The Taxpayer receives subscription fees from broadcasting satellite radio channels. The majority of the content and programming Taxpayer produces is delivered to its subscribers through satellite transmission to customers' radios. The Taxpayer's production and transmission activities are primarily performed outside of Texas. On its original 2010 and 2011 Texas franchise tax reports, the Taxpayer sourced its subscription receipts to the locations where its primary production facilities were located, only a few of which were in Texas. Under audit, the Texas Comptroller revised the apportionment based on the location where the satellite transmissions were received by the taxpayer's subscribers, resulting in an assessment. The Taxpayer paid the additional tax and interest under protest and sued the Texas Comptroller to recover the disputed Texas franchise tax and interest paid. The Texas district court applied an origin-based sourcing standard looking to where the Taxpayer's production and transmission activities were performed and ruled in the Taxpayer's favor on the issue of sourcing gross receipts. On appeal, the appeals court reversed and found in favor of the Texas Comptroller, agreeing with its position that under the "receipt-producing, end-product act," the service performed by the Taxpayer in Texas was unscrambling the radio signal at its customers' location.
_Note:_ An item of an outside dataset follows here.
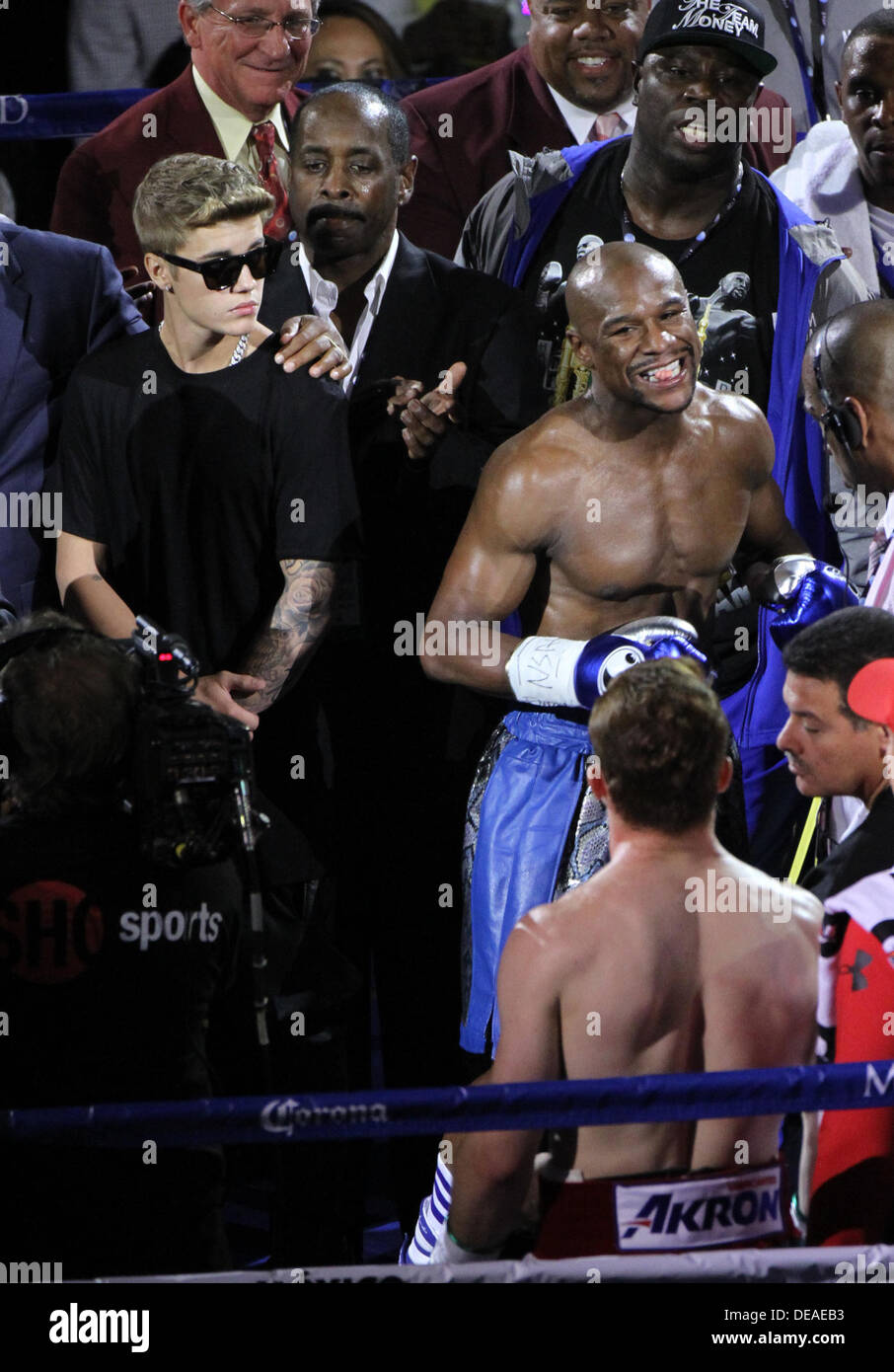 Las Vegas, Nevada, USA. Xv Sep, 2013. Justin Bieber era a portata di mano come Floyd ''Strumenti'' Mayweather (blk & blue trunk) ha preso su Saul ''Canelo'' Alvarez (rosso, perché & grn trunk) alla battaglia per la Super Welterweight Campionato Mondiale su Settembre 14, 2013 a MGM Grand Garden Arena di Las Vegas, Nevada. Mayweather ha vinto il titolo con una decisione a maggioranza. Credito: Craig Durling/ZUMAPRESS.com/Alamy Live News Foto Stock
Texas Supreme Court decision
As an initial procedural matter, the Texas Supreme Court dispensed with arguments concerning judicial deference, stating that Texas courts have not adopted agency-deference doctrine as used in the federal courts. Instead, according to the Texas Supreme Court, Texas courts will uphold an agency's interpretation of a statute so long as that interpretation is reasonable and does not contradict the plain language of the statute.
The Texas Supreme Court then turned to interpreting the statute. Under Tex. Tax Code Section 171.103(a)(2), gross receipts from the performance of services are sourced to Texas if the "services are performed in this state." Under a plain reading of the statute, and supported by long-standing precedent, the Texas Supreme Court found a service is performed in Texas when the labor for the benefit of another is done in the state. In so finding, the Texas Supreme Court rejected the Texas Comptroller's use of the "receipt-producing, end-product act" test to determine the location where a service is performed, concluding instead that statutory and case law support an "origin-based" system. Thus, the Texas Supreme Court held that a taxpayer's gross receipts from the sale of services should be sourced to the location where the taxpayer's employees or equipment performed the labor relating to the performance of the service.
The Texas Supreme Court also disagreed with the Texas Comptroller's characterization of the services performed by Sirius XM as decryption services, finding Sirius XM was a radio broadcast and production company. The Texas Supreme Court reasoned that casting Sirius XM's services as decryption services elevated the technicalities of the transaction over the economic realities of the services performed, noting that Sirius XM's customers do not pay more for decryption services than do the customers of an online news service for "paywall-removal" services.
Finally, the Texas Supreme Court determined that the Taxpayer "has little personnel or equipment in Texas that performs the radio production and transmission services for which its customers pay monthly subscription fees" and reversed the appeals court's ruling that had required all of the Taxpayer's gross receipts from its subscribers located in Texas to be assigned to the state.
Although the Texas Supreme Court reversed the appeals court's technical ruling, it remanded the case back to that court to review whether Sirius XM had sufficiently established the fair value of services performed in the state by applying the cost-of-performance analysis.
The Texas Supreme Court's decision could have broad implications for taxpayers conducting business in Texas, as the Texas Comptroller has been asserting the "receipts-producing, end-product act" approach to apportionment of services for quite some time. The decision also appears to invalidate many of the provisions contained in the Texas Comptroller's recently amended apportionment rule 34 Tex. Admin. Code Section 3.591 (see Tax Alert 2021-0035). Specifically, the decision seems to invalidate the revised language in amended 34 Tex. Admin. Code Section 3.591(e)(26), which applies the "receipts-producing, end-product act" test to determine the location of gross receipts from the sale of services.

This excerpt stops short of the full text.